Retriggering is available with no stated cap. Landing 3 or more key scatters during the free spins round awards an additional 10 spins on top of any remaining spins. The 3x multiplier applies to all wins in retriggered spins identically to the original 10. Because the retrigger cap is not specified in the paytable, extended sequences of free spins are theoretically possible, and the fixed 3x multiplier applied across all of them is the primary route to Blood Suckers’ upper pay range.
Coffin Bonus Round
The Coffin Bonus Round triggers when 3 or more chest scatter symbols land anywhere on the reels. The bonus screen displays a grid of 12 closed coffins. The player clicks coffins one at a time. Sleeping vampires inside coffins award cash prizes: payouts typically range from 3x to 30x the stake per coffin. Awoken vampires end the round immediately, collecting whatever prize has accumulated from prior coffin picks.
The key probability fact here is the pick-until-you-bust structure. On average, a player opens 3 to 6 coffins before hitting the awoken vampire that ends the round. The total payout from the bonus depends entirely on how many prize coffins are opened before the terminating symbol appears and what values those coffins hold. There is no decision that changes the expected value of a pick, since the coffin positions are set randomly and no visual cue reveals which coffin holds what. The Coffin Bonus is independent of Free Spins and the two features cannot trigger simultaneously on the same spin.
Blood Suckers RTP and Volatility
The 98.0% RTP is the central reason Blood Suckers remains one of the most played classic slots at Flush despite its 2009 release. To quantify the advantage: the average RTP for medium-volatility 5-reel slots is approximately 95.5% to 96.5%. At 98.0%, Blood Suckers operates with a 2.0% house edge versus the 3.5% to 4.5% edge on typical alternatives. Over 1,000 spins at 1 unit per spin, the theoretical expected loss on Blood Suckers is 20 units. A comparable medium-volatility slot at 96.0% RTP produces an expected loss of 40 units over the same 1,000 spins. That 20-unit difference is the practical, session-level value of the higher RTP.
One important caveat applies: the 98.0% RTP is the certified figure for the full version of the game. Some operators serve a reduced-RTP version of Blood Suckers, typically at 96.94% or lower, by selecting an alternative game configuration. At Flush the full 98.0% version is served, but verifying this in the game info panel before extended play takes only seconds and is worth doing. The info panel should clearly state 98.0%.
Dead or Alive 2 from NetEnt illustrates the opposite end of the design spectrum: 96.82% RTP, very high volatility, 100,000x max win.

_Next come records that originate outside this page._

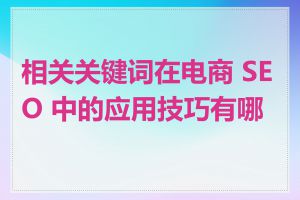 相关关键词在电商 SEO 中的应用技巧有哪些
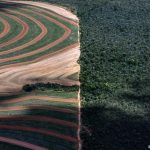 Auxílio bilionário dos EUA ao agro pressiona competitividade do produtor brasileiro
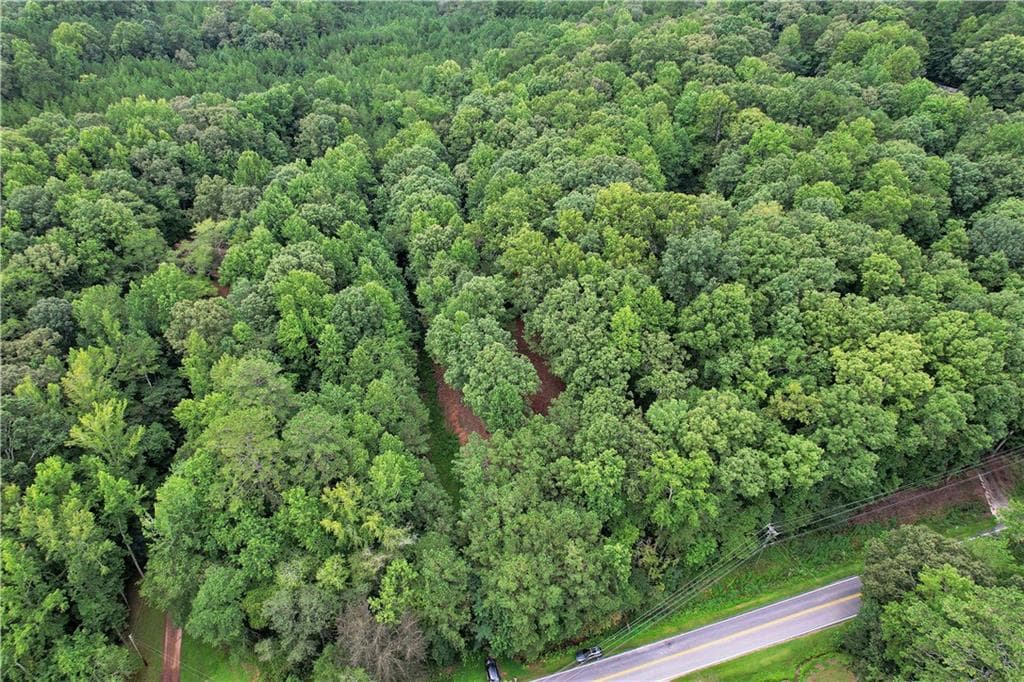 unimproved land for sale at 5287 Yeager Road, Douglasville, GA 30135 — photo 3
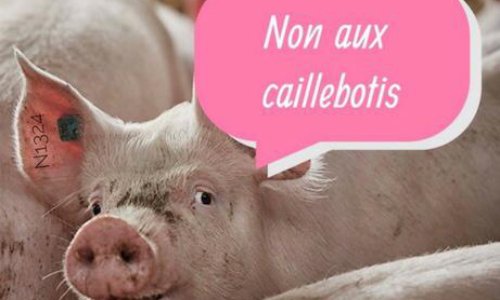 NON à l'élevage intensif de porcs à la ferme du Rouvel de Neuville 63160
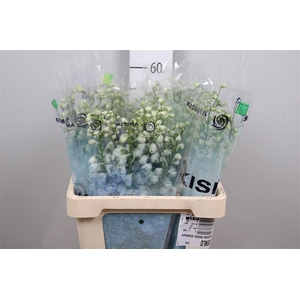 Delph Du Mag F Skyblue Wb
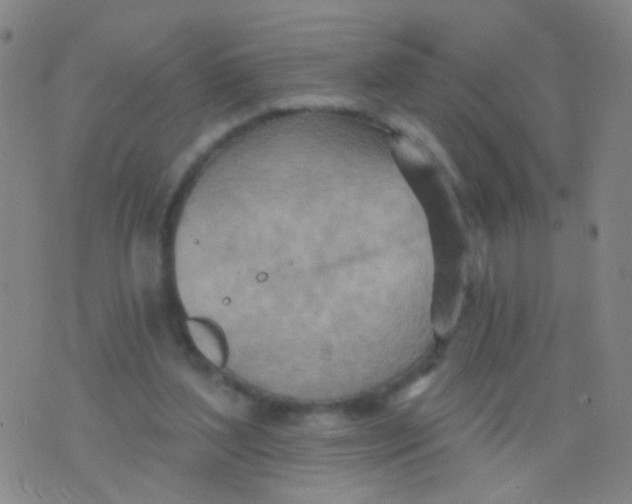 X0000075830204200610061830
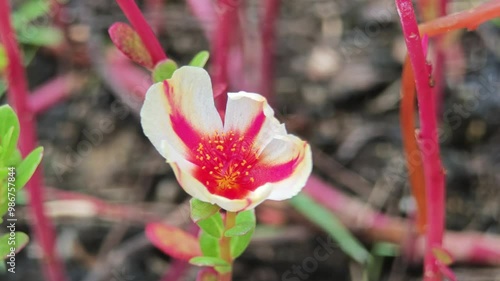 Common Purslane, Verdolaga, Pigweed, Little Hogweed, Pusley, Moss Rose in the garden. photo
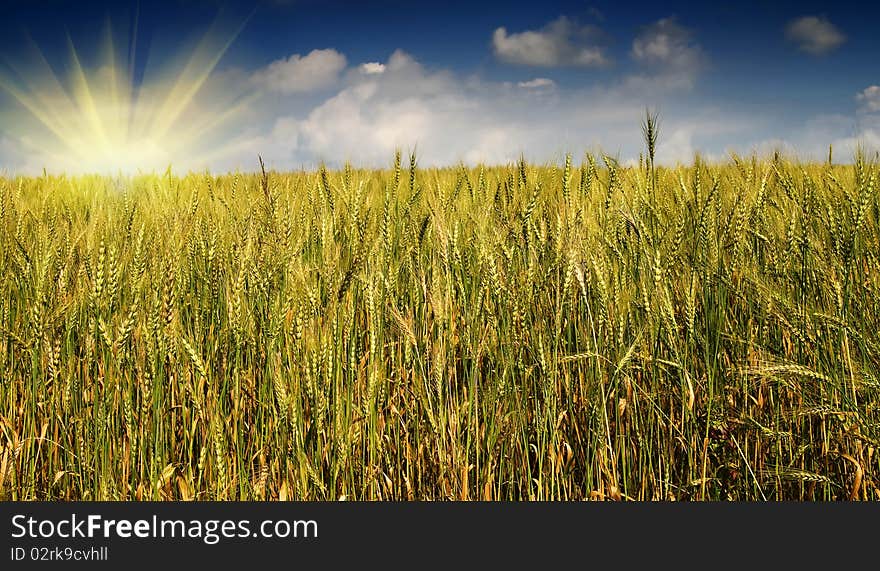 Golden, Ripe Wheat Against Blue Sky Background.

Blood Suckers and Dead or Alive 2 serve opposite player preferences. Blood Suckers is the correct choice when a player wants maximum theoretical return with minimum session variance. Dead or Alive 2 serves the preference for a low-probability chance at an extreme single-session outcome, at the cost of a lower RTP and far greater downside variance between bonus triggers.
Blood Suckers 2, NetEnt’s sequel, carries a 96.94% RTP with a 1,334x max win. The sequel has a slightly higher max win but a meaningfully lower RTP. For players who prioritise return efficiency over max win ceiling, the original Blood Suckers at 98.0% is the stronger mathematical choice by more than 1 percentage point.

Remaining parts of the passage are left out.